* _EXTRACTED RECORDS_
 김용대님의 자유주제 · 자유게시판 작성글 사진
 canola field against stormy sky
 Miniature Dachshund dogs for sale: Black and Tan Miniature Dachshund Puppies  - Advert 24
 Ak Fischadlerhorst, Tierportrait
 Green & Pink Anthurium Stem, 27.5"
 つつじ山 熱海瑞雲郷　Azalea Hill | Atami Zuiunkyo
--
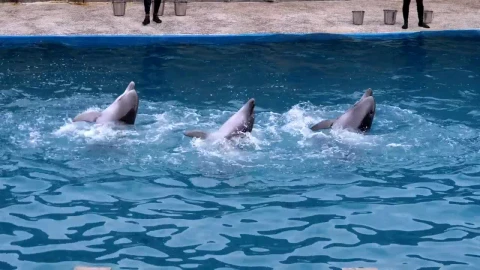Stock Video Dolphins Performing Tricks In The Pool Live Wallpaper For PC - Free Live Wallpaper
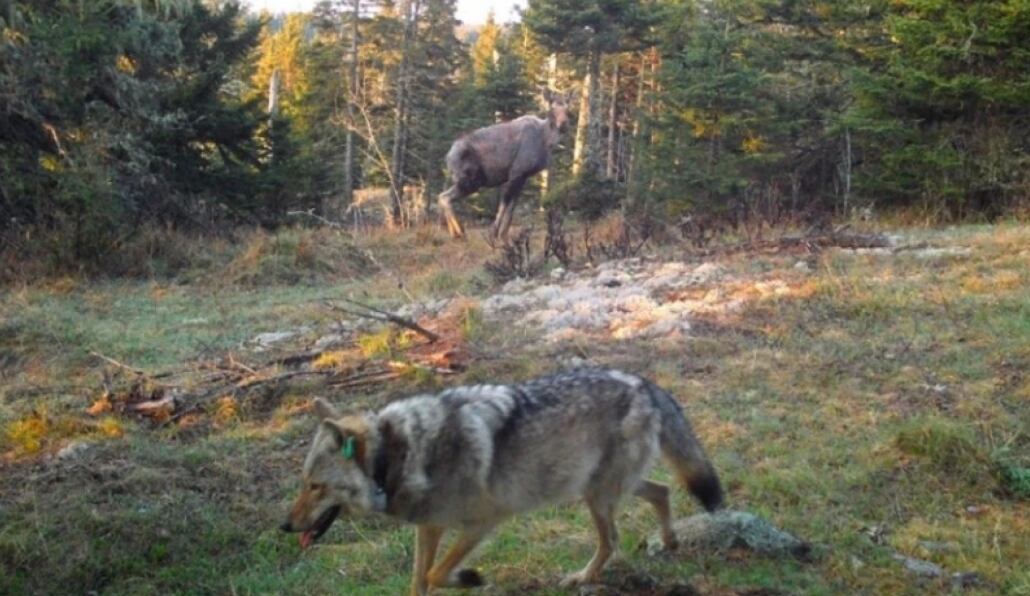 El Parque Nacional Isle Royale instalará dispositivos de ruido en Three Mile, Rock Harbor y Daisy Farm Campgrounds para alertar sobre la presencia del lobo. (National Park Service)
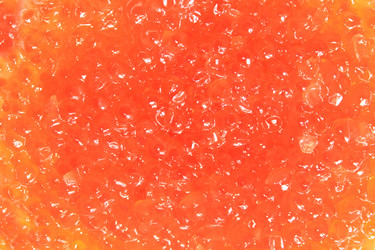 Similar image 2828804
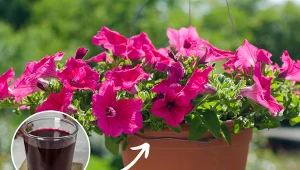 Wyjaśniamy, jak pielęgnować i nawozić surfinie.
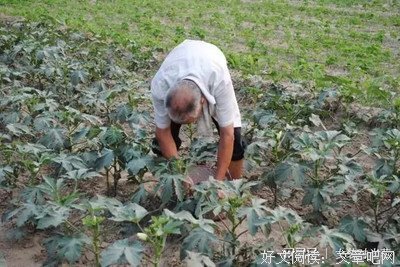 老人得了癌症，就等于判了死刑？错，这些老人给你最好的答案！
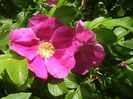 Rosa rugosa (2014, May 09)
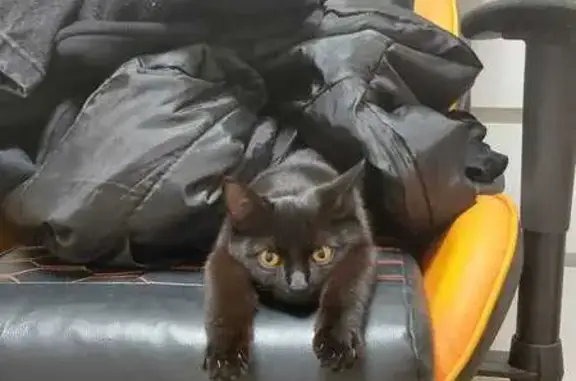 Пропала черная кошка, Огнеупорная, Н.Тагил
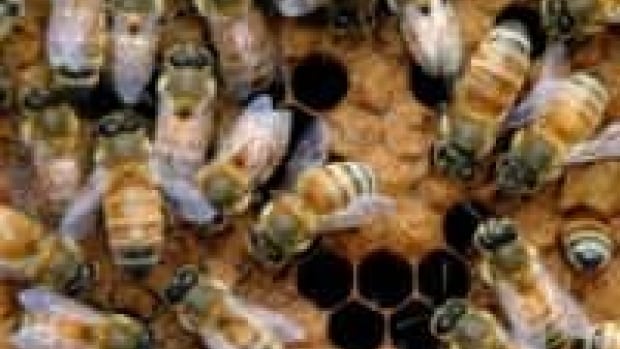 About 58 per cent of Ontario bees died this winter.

* _ABOUT THIS TASK_
In the listing above, find the line containing "Wyjaśniamy, jak pielęgnować". Output it and every line after it up to and including the line containing "About 58 per", exactly, but skip the pictures.

* _YOUR RESPONSE_
 Wyjaśniamy, jak pielęgnować i nawozić surfinie.
 老人得了癌症，就等于判了死刑？错，这些老人给你最好的答案！
 Rosa rugosa (2014, May 09)
 Пропала черная кошка, Огнеупорная, Н.Тагил
 About 58 per cent of Ontario bees died this winter.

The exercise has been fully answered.